ABI says Gov’t needs to o more to bring down insurance costs


The Association of British Insurers says that the Government simply isn’t doing enough to bring down the costs of car insurance and van insurance for Brits.

Britons have had it up to here with high insurance premiums, the ABI said recently, and it has pointed the finger squarely at the Government for neglecting to move forward on reforms that would have aided the industry in bringing down the cost of insurance for everyone. When it comes to issues like unresolved reforms on the small claims track limit and the driving licensing regime, ABI director of general insurance policy James Dalton said that more has to be done to strip away unnecessary costs that are limiting the market. Doing so will help bring down insurance premiums, especially for younger drivers, Dalton added.

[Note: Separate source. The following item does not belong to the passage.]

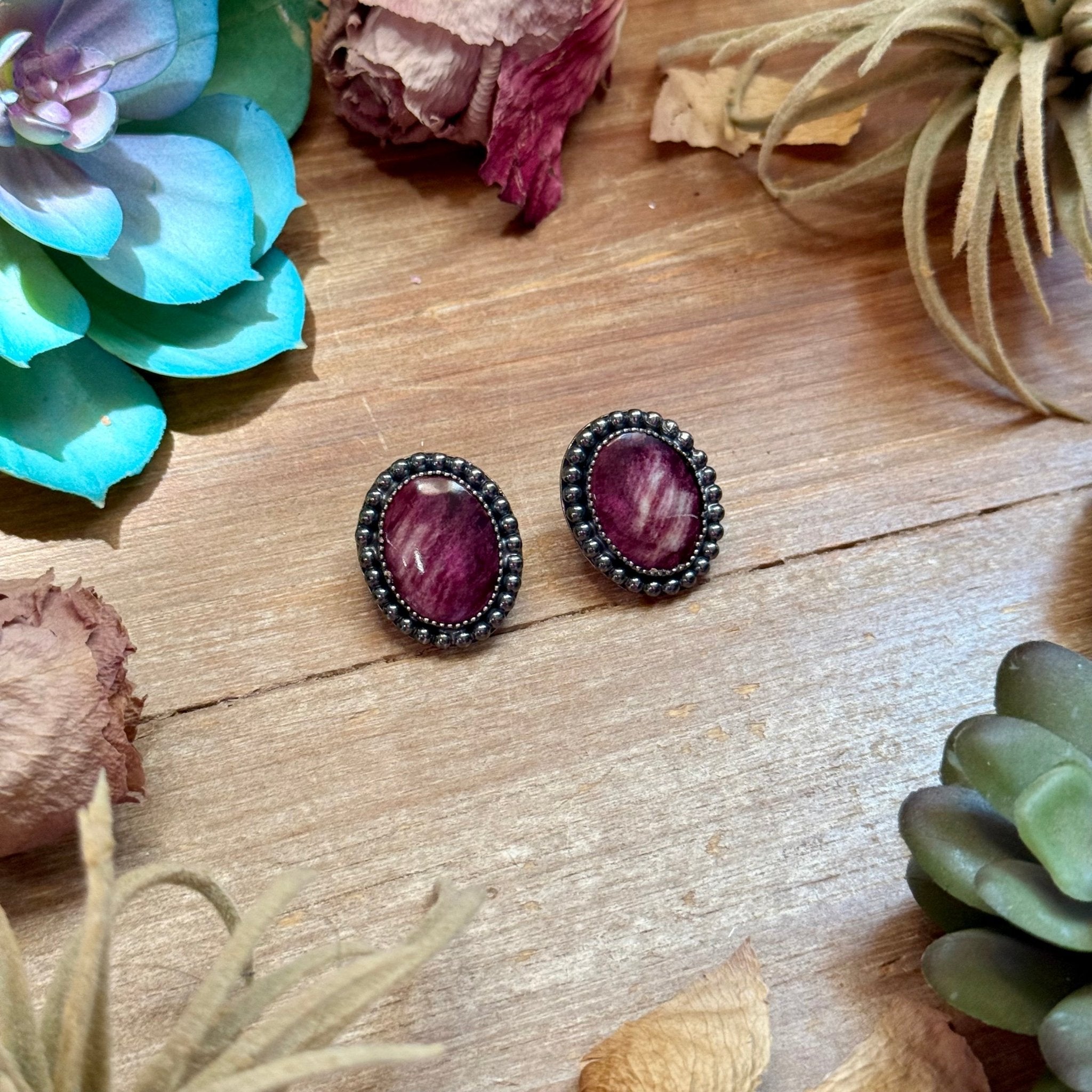 MJ Purple Spiny Oyster Oval Stud Earrings - Deadwood South Boutique & Company LLC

Premiums for both personal car insurance and commercial van insurance would plummet if the Government would increase the small claims track limit, the ABI says. Meanwhile a lack of the Government moving forward on changing testing and training for young drivers is making the roads more dangerous than they have to be, jeopardising the lives of younger motorists, and keeping their costs astronomically high, Dalton also said. A graduated driving licence regime would likely go a long way to resolve such issues, the ABI director said.

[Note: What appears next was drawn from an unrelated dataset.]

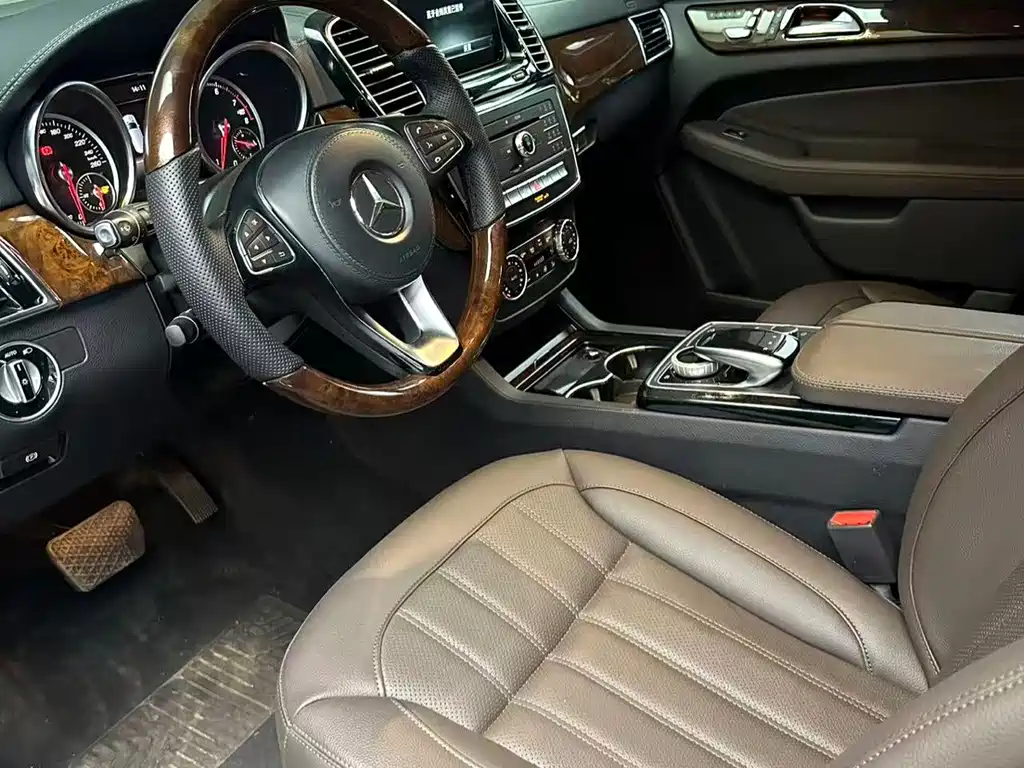 Mercedes-Benz GLS — миниатюра 4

While the reforms to how younger drivers are taught to act behind the wheel is likely a help – especially if this ends up dropping the costs of their insurance as a result – I’m not quite as convinced about the small claims track limit. I’m sure it will help insurers keep their costs down, as more car insurance claims will go through the small claims system instead of being dealt with by high-powered and expensive solicitors, I also have a sneaking suspicion that this could deny access to justice for those who need it most – those injured in car accidents. Just how high the cap would be raised is one of those things that could make or break such an initiative, if you ask me.

I suppose we’ll see if the Government responds to the ABI’s criticism. I wouldn’t hold my breath if I were you, though.